LANGLOIS: Les Reines du Drame parle de personnes qui ressentent des émotions trop grandes pour elles et qui n’arrivent pas à les gérer. Malheureusement, être queer ne nous rend pas exempts de comportements toxiques. Montrer ces comportements, c’est une manière de comprendre d’où ils viennent, pour ne plus les reproduire. Dans le film, les personnages sont écrasés par le monde hyper normé. Ne pas montrer la violence du monde, ne la fait pas disparaître.

« Être queer ne nous rend pas exempts de comportements toxiques. Montrer ces comportements c’est une manière de comprendre d’où ils viennent, pour ne plus les reproduire.»

Alexis Langlois

Vingt ans plus tard, est-ce qu’on s’aime mieux ? Des stars de la chanson comme Angèle ne cachent plus leur bisexualité.
LANGLOIS: Il est possible de mieux s’accepter oui, mais tout dépend du milieu dans lequel on évolue. Il y a plus de liberté qu’en 2000, et des espaces pour se retrouver entre personnes queer existent. Mais le monde reste violent, avec des discours sexistes, racistes et queerphobes. Le fascisme progresse partout. Il faut se soutenir et se politiser pour espérer changer encore les choses.

Bilal Hassani, qui incarne Steevyshady, est régulièrement visé par des campagnes homophobes. L’an dernier, un de ses concerts à Metz a même été annulé.
LANGLOIS: Ça s’est passé juste après un clip que nous avions fait ensemble. C’était horrible, des groupuscules d’extrême-droite menaçaient de commettre un attentat lors d’un concert, sous prétexte que le lieu était une église. Sauf qu’elle était désacralisée depuis 400 ans ! Tout ça parce que Bilal ne correspond pas à l’image qu’ils se font de ce qu’est un homme. C’est triste et terrifiant.

Vous teniez à travailler avec Bilal Hassani ?
LANGLOIS:J’adore ce qu’il fait. Sa vidéo sur YouTube racontant son exclusion du collège après la découverte de son homosexualité m’avait bouleversé. Le monde est violent, mais sa façon de parler à sa communauté était magnifique. Les YouTubers sont les conteurs d’aujourd’hui, et c’est cette vidéo qui m’a inspiré à faire de lui le narrateur de mon film. Il m’a dit en plaisantant qu’il aurait pu devenir un Steevyshady si sa vie avait été différente. Il a ce côté « fan excessif » en lui. Je sais qu’il a campé plusieurs nuits à Bercy pour voir Mariah Carey en concert.

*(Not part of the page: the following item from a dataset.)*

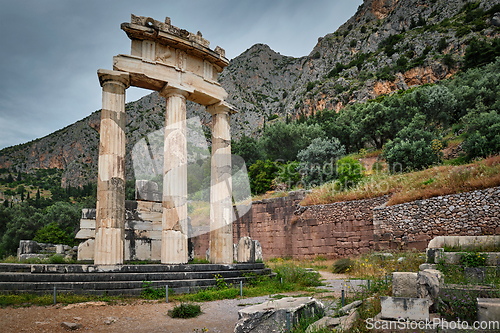 Image of Athena Pronoia temple ruins in ancient Delphi, Greece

Le titre de votre film, Les Reines du Drame, fait écho à cette passion effrénée.
LANGLOIS: Il renvoie aux drames adolescents et à celles et ceux qui exagèrent des situations pas si graves, mais aussi aux vraies tragédies de la vie. On est contraints d’exprimer nos émotions d’une « bonne » manière. Je célèbre ces personnes dont les émotions débordent et que le monde moque.

Le film a été tourné à Bruxelles. Que retenez-vous de cette expérience ?
LANGLOIS: C’était excitant, même si la ville est très peu identifiable dans le film. Ce qui a compté, c’était la rencontre avec la communauté queer bruxelloise. Et le bonheur de pouvoir offrir des rôles à des drag queens talentueuses, comme la gagnante de Drag Race Belgium, Drag Couenne.